Small-angle X-ray scattering (SAXS) experiments are widely used for the characterization of biological macromolecules in solution. SAXS patterns contain information on the size and shape of dissolved particles in nanometer resolution. Here we propose a novel method for primary SAXS data analysis based on the application of artificial neural networks (NN). Trained on synthetic SAXS data, the feedforward neural networks are able to reliably predict molecular weight and maximum intraparticle distance (Dmax) directly from the experimental data. The method is applicable to data from monodisperse solutions of folded proteins, intrinsically disordered proteins, and nucleic acids. Extensive tests on synthetic SAXS data generated in various angular ranges with varying levels of noise demonstrated a higher accuracy and better robustness of the NN approach compared to the existing methods.
If you use gnnom for your research please cite: D.Molodenskiy, D.Svergun, A.Kikhney (2022) Artificial neural networks for solution scattering data analysis, Structure DOI
To apply the NN you need to use a command similar to this:
python apply_nn.py p mw /path/to/my/datafile 1.0 2.8 --units=nanometer --n=10000
Here p stands for type of particles (proteins); mw - what parameter you want to predict (mw or dmax); 1.0 and 2.8 are the I(0) and Rg values, accordingly; units are the angular units (inverse angstroms or inverse nanometers) and n is the number of repetitions for resampling. The latter parameter is usually set to about 10 000. The following command
python apply_nn.py -h
will print the help menu and exit.
To train a NN you need the training, validation and test sets. To run the script you can use e.g. the following command
python makemodel_scalar.py /path/to/data /path/to/crysol/logfiles 500 mw
Here /path/to/data implies the structure similar to this one. The root directory should contain the subfolders with different simulated concentrations used for training and the list of these folders is hard-coded into the makemodel_scalar.py script as the "folders" variable. If you are using your own training set, please change this variable in the code.
The next parameter is /path/to/crysol/logfiles - the path to the CRYSOL log files; 500 is the number of epochs for training; and mw is the desired parameter.

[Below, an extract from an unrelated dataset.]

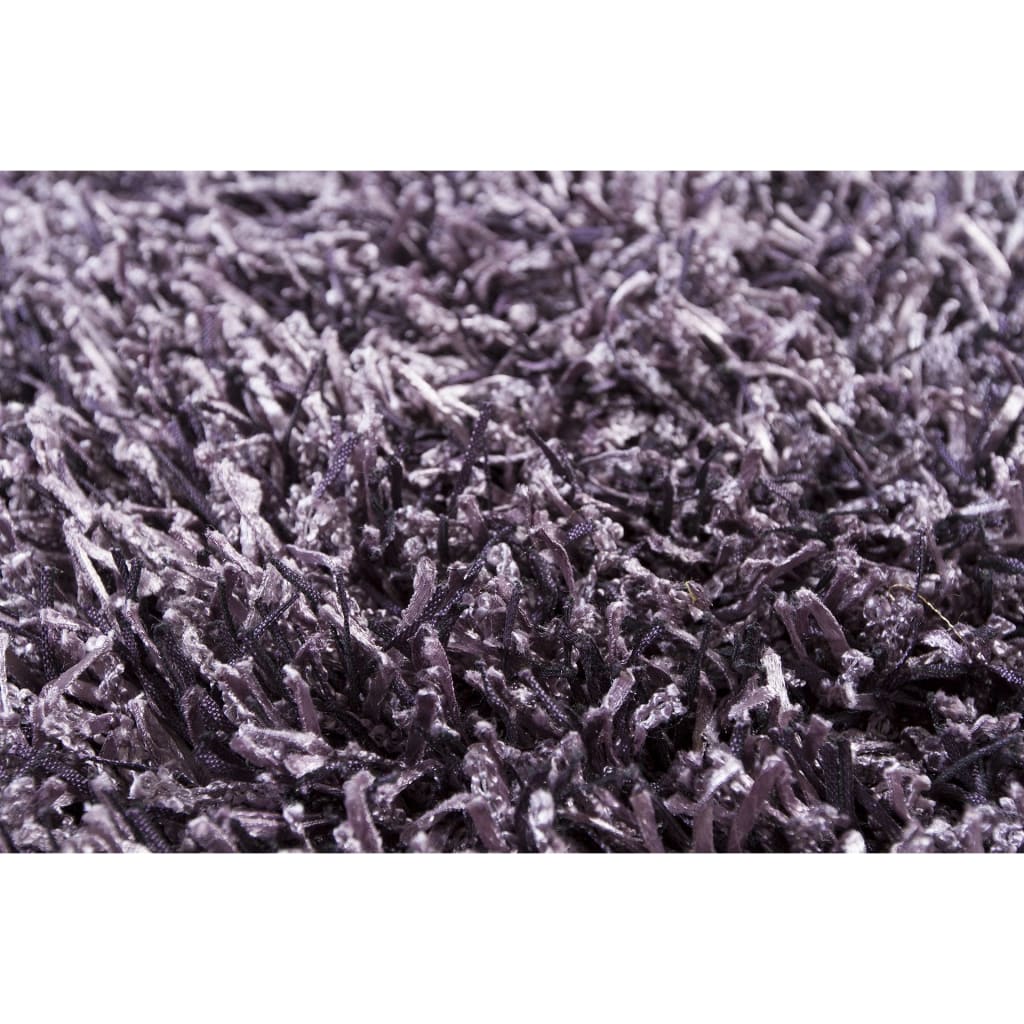 Chandra Zyaeze BRE-23102 Purple Rug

It is also possible to re-use old weights if you want to train your model up using previously generated *.h5 file. You can also use a pickle file to quickly re-read the input data.
The command
python makemodel_scalar.py -h
will print the help menu and exit.
The original data sets were generated from PDB, PED and NDB databases that were used for training of the NNs and benchmarking it against other methods. The data are available here
If you don't want to modify the code and just want to try it out as is on your SAXS data, this approach is also implemented as a web service. Please make sure that you select the proper macromolecule type and (in case you are using WAXS data) the angular units!